Comme c’était un ordre, M. Leach y obéit sans scrupule. Il descendit sur le canot, et fut bientôt en route pour se rendre sur la chaloupe. Le capitaine héla l’homme en vigie, et lui demanda ce que faisaient les Arabes Il en reçut une réponse satisfaisante : ils étaient encore occupés à attacher leurs chameaux, et ils dressaient leurs tentes. Comme cela ne ressemblait pas à des préparatifs immédiats d’attaque, il donna ordre à l’homme en vigie de les surveiller, et d’avertir s’ils s’approchaient, et il pensa qu’il pouvait encore avoir le temps de changer de place ses bigues et de se mettre en possession du mât d’artimon. Il mit donc son monde à l’ouvrage à l’instant même.
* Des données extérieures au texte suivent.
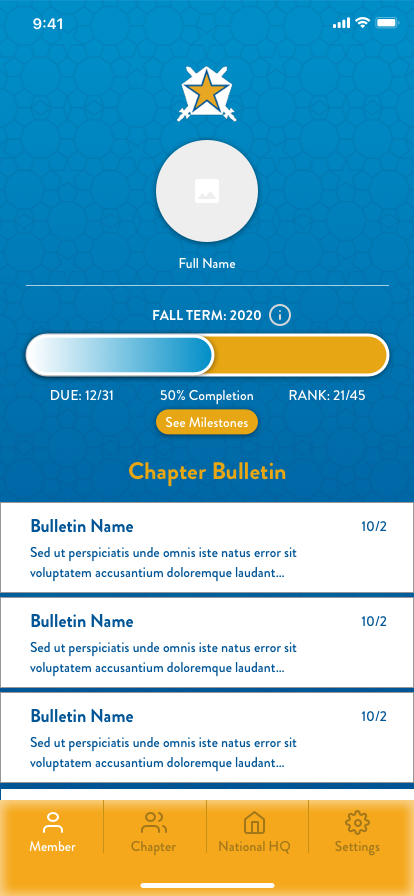 Original Pi Kapp App member dashboard screen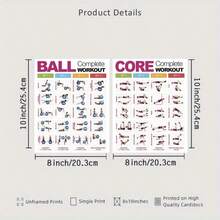 2张运动训练健身挑战海报，无框设计，8x10英寸，2D平面图形，纸质材质，包含挤压球、提臀、基础卷腹、交替手臂伸展、卷腹、手臂、大腿、臀部、腹肌塑形瘦身计划等动作，无框墙面装饰画，适用于客厅、卧室和瑜伽室装饰，每日瑜伽练习海报。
Comme chacun travaillait comme s’il se fût agi de la vie, ce mât léger, au bout d’un quart d’heure, était suspendu en l’air, et dix minutes ensuite il avait le pied par-dessus le bord, et il fut déposé sur le sable presque au même moment. Il ne fallut que quelques instants de plus pour décapeler la hune et la mettre à l’eau, après quoi tout le monde fut appelé pour déjeuner. L’homme en vigie annonça que les Arabes s’occupaient de la même manière, et étaient à traire leurs chamelles. Cette nouvelle était rassurante et chacun déjeuna tranquillement, charmé de savoir que ceux qu’on avait lieu de redouter passaient le temps d’une manière si pacifique.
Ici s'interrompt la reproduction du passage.